America elected a black president, you guys. We will never hear the name Sarah Palin again. We are improving as a culture. And, if you live in a city like I do, with a large black population, as well as a large college-educated one, the mood is one of recognition of these facts in a unanimously positive way. "Yes we can" bleeds into "Yeah we did." Cries of "fuck yes" fill the street. A group of thirty-plus people, applauding a television speech. A larger group at the foot of a monument. And the larger promise exists that we can be a better people still.

Sunday, November 02, 2008

Last night I made my stand-up comedy debut in this Baltimore rock club, The Hexagon. I went on first, because I was planning on leaving early to go see Skeletons play in another neighborhood. I stuck around because a few of my friends were also to be telling jokes, and then by that point the appeal of getting paid a few dollar induced me to stay on for longer still.

Most of the comedians were Baltimore locals, that I would largely associate with a music scene. One performer who did pretty well was a playwright. The people who went on last were actual touring comedians from southern Maryland, who received the blankest reactions. It's not even that they were the worst: Most of the people on the bill were doing ironic/conceptual comedy of the "The whole idea of telling a joke or doing a bit seems stupid to me" school. I talked briefly to them afterwards- the headliner, Will Carey, told me I was "out there," and that he usually performed for rednecks. I really wanted to talk to the two of them at length, actually, because I just felt so much empathy for them, but I didn't want it to seem condescending. They probably were used to being in situations where they told jokes that were "too hip for the room," and here they were in a room that was too hip for them- One guy was wearing a Pizza Hut t-shirt, the other was wearing a The Starting Line hoodie. When the dude in the Pizza Hut t-shirt (Brian Preston) told a joke about how he wanted to be a writer for Dane Cook, and the first thing he wanted to write for him was a suicide note, I thought of L.A. comedians I've seen on Youtube doing anti-Dane-Cook material that went over really well, even as it seemed really weird and inside, and here it was playing to a crowd not engaged in that culture to really have processed it and come to conclusions. As someone who is a comedy nerd, but was performing pretty much on a lark, as a dabbler, to see people who are committed to the idea of it doing so poorly where I did pretty well felt pretty bad. I wanted to talk to them about Aspecialthing.com, maybe point out the Louis C.K. interview where the advice was given to have the confidence to not look down ever. Or ask if they heard the Louis C.K. set where he was opening for Yo La Tengo at a Hanukkah show at Maxwell's where he bombed real hard.

I didn't feel like I was performing for my friends, really. I felt like I was performing for acquaintances, because I don't really feel like I have that many close friends here, and even though I was glad that certain people came specifically to see me, it still felt good primarily to get dark and weird in front of that kind of audience, as it afforded me an opportunity to be a real person to some degree or another.

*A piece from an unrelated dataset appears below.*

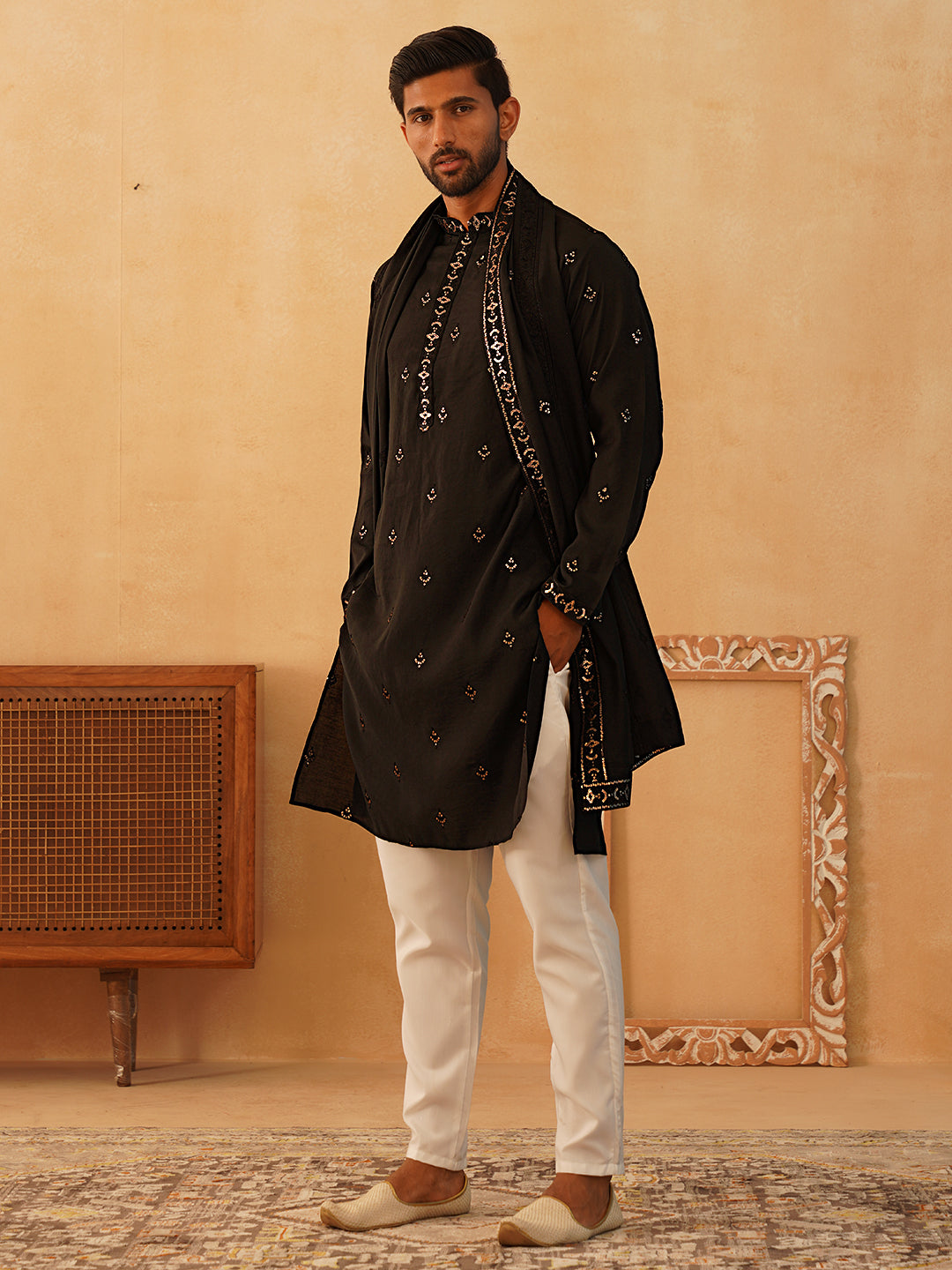 DesiQlo Men Embroidered Kurta Pyjama Set - Black - KOD_5088black_S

Oh, and after the house took it's cut, the money was split so that my cut was five dollars, which I think is also what the people travelling got. But these headliners also said that this was the best show of their tour- Maybe it was good for them to have an audience that was just laughing at their smart/weird material, and not responding very well at all to the gratuitous/desperate/casual swearing. But at the same time, "don't try so hard" is a lesson I would never want to teach anyone, probably.